Firefighters may respond to water or ice related emergencies, or train in similar conditions.


Firefighters are at risk of drowning and hypothermia.

Actions for employers

Employers must:

  • provide information, instruction and supervision to workers to protect their health and safety when working in or around water or on ice

Employers should:

  • develop and implement procedures for the emergency situations which may reasonably be expected to occur in the response area
  • select training locations that present the lowest risk while still providing value in training
  • provide separate training for ice rescue, cold water rescue and swift water rescue, to allow workers to develop skills in lower risk conditions where the hazards are not combined

Training courses

Employers should consider the following before training takes place in water or on ice:

  • set out clear course curricula, using NFPA 1006 – Standard for Technical Rescuer Professional Qualifications as a template
  • establish the roles and responsibilities of each person, including those of any instructor, incident commander, accountability officer, safety officer, rapid intervention team (RIT) or trainee
  • ensure each person is competent to perform their role
  • ensure that a competent person conducts a safety assessment and produces a written training plan setting out the training location, including moving water conditions, characteristics, and features and mechanisms of entrapment
  • provide the training plan to all participants
  • establish and communicate a written safety plan

Considerations for pre-planning

Employers should consider the following when pre-planning for water or ice related emergency situations: 

  • document the locations or situations that may occur
  • determine protocols for mutual aid, automatic aid or assistance from outside agencies, such as other fire services, police services, emergency medical services, or Canadian or US Coast Guard
  • establish communication protocols with mutual aid, automatic aid or outside agencies and review the need for a marine radio communications protocol
  • test firefighters on their ability to respond to those emergencies quickly, safely, competently and effectively
  • determine the self-survival techniques, self–survival equipment and procedures that should be included in training
  • select, acquire and have readily available the appropriate rescue equipment to safely perform the operations that may be expected.

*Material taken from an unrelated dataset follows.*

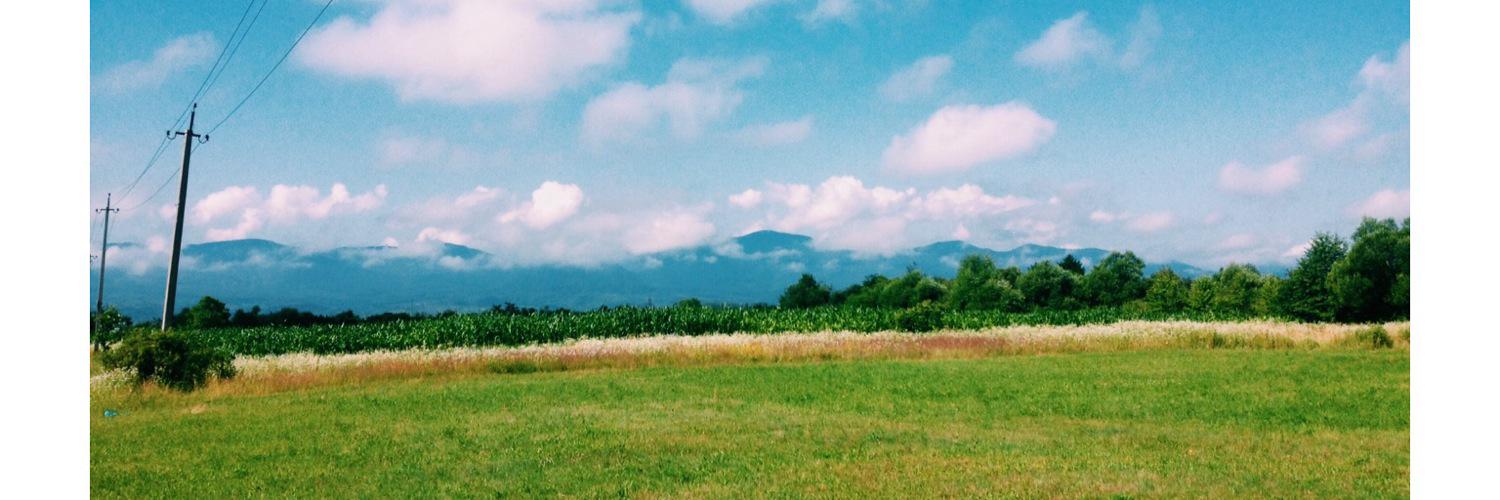 o_bonka's profile banner image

Any equipment that is provided by employers must be maintained in good condition.

Considerations for safety

When responding to water or ice related emergency situations or during training evolutions employers should ensure that:

  • an Incident Command System is established
  • an Accountability System is established
  • an incident safety officer is appointed
  • a Rapid Intervention Team(s) (RIT) wearing appropriate PPE is established and ready to deploy
  • rescuers work in teams
  • rescuers wear PPE or immersion suits as appropriate to the circumstances
  • rescue personnel who may be near water, or where there is an exposure to the hazard of falling into water, wear an appropriate personal flotation device (PFD)
  • a rehab sector is established taking into consideration the weather conditions, time of year, decontamination of rescuers and equipment, and any rescuer’s medical needs
  • a post operation review is completed after all water or ice related emergencies or training evolutions

Ice rescue

Rescue personnel who may be exposed to water immersion should wear appropriate personal flotation devices, immersion suits, and clothing to reduce the risk of hypothermia.

Water rescue

All rescuers who enter the water should maintain controlled contact with the shore or boat using a safety line, hand contact or similar method, when appropriate. 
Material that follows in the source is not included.